Speaking of mad worlds, any of you following the saga of Kenneth Lay and the Lincoln Bedroom? It's kinda interesting as an example of how inept (not biased; inept) the press can be and how phony reports seem to live forever.
You can read the whole saga over at www.spinsanity.com, though some of the
better episodes may require that subscription to Salon I've been recommending. I especially love the parts where a newspaper prints the story, retracts the story and then one of their columnists repeats it. The Washington Times printed the story, retracted it, printed it again, then retracted it again…and the day after the second retraction, radio newsman Paul Harvey broadcast it, citing that newspaper as his source! (The Times, of course, got it from The Chicago Tribune, which had long since retracted it.)

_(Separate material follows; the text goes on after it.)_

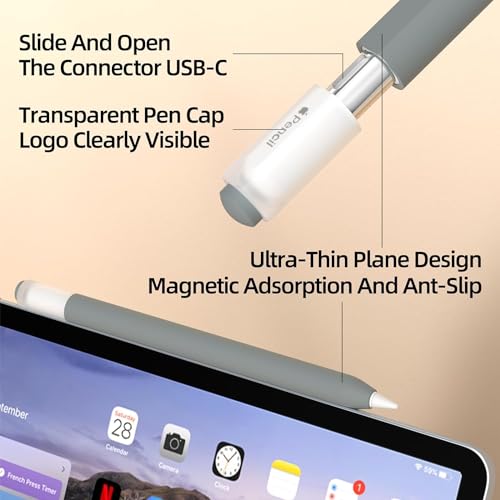 Image of Pencil Case for Apple Pencil (USB-C), Silicone Protective Cover Sleeve, Supports Magnetic Attachment (Gray)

This kind of thing is probably more common than we believe, especially since so many erroneous reports aren't as cleanly disprovable as this one. And I guess what really rankles is that, in the age of the Internet and services like Nexis, this kind of thing ought to be extinct. I can sit here, well outside the news biz and — employing only a free search engine — find multiple corrections and retractions of the story in less than thirty seconds. Apparently, folks at papers like The Washington Times are not even bothering to search on their own web sites. In this electronic age, there's no excuse for this…not that there ever was one.